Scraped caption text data
####################
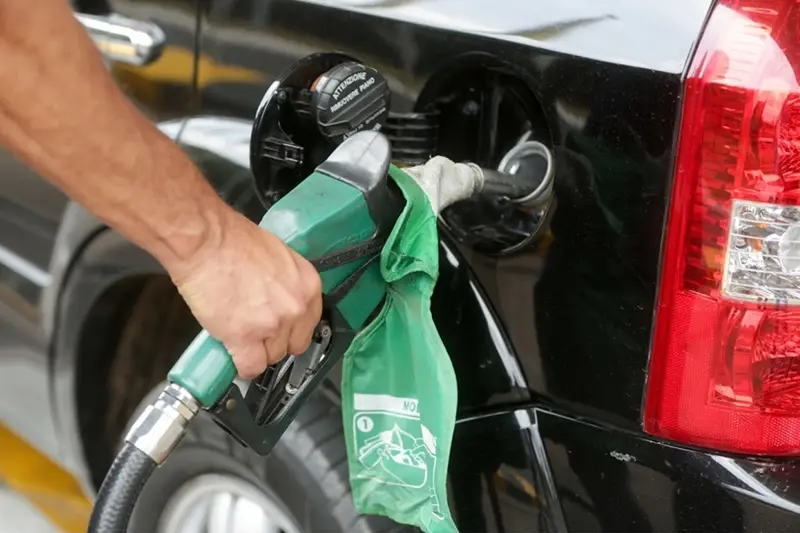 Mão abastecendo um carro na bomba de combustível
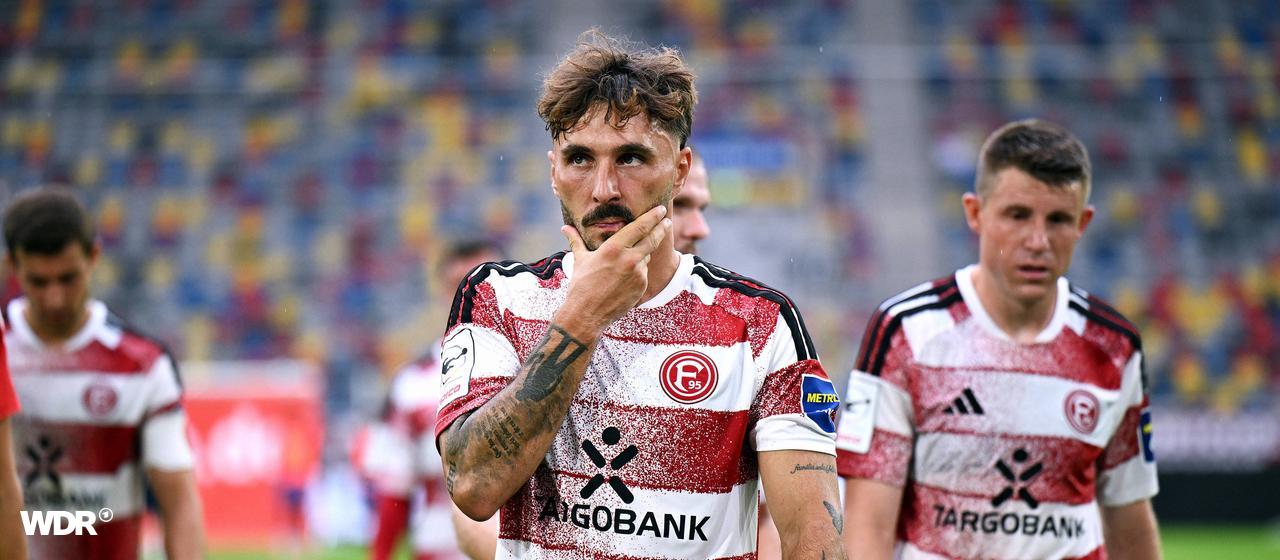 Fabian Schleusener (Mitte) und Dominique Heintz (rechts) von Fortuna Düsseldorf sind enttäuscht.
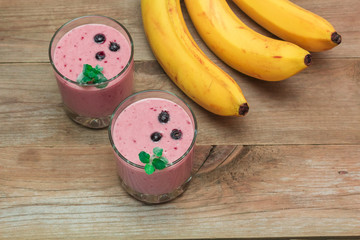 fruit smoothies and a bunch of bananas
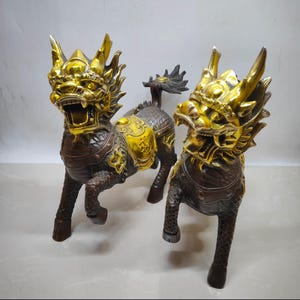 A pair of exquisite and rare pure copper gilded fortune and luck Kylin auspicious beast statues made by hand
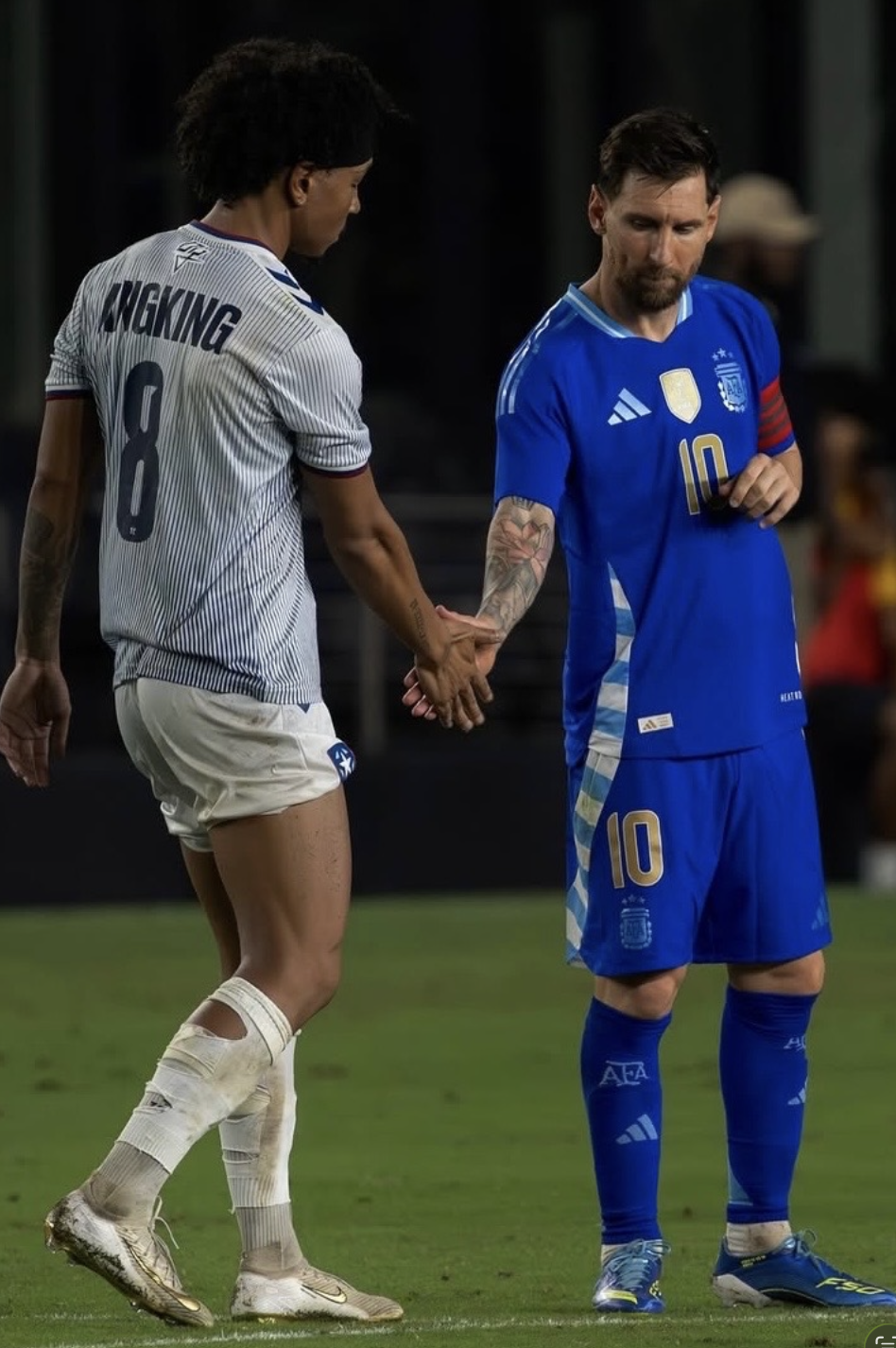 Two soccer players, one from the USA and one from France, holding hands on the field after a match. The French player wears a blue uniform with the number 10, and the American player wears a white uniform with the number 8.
####################
**Instructions to follow:** Your answer should be an exact copy of the records above, with no pictures in it.

**Exercise output:**
 Mão abastecendo um carro na bomba de combustível
 Fabian Schleusener (Mitte) und Dominique Heintz (rechts) von Fortuna Düsseldorf sind enttäuscht.
 fruit smoothies and a bunch of bananas
 A pair of exquisite and rare pure copper gilded fortune and luck Kylin auspicious beast statues made by hand
 Two soccer players, one from the USA and one from France, holding hands on the field after a match. The French player wears a blue uniform with the number 10, and the American player wears a white uniform with the number 8.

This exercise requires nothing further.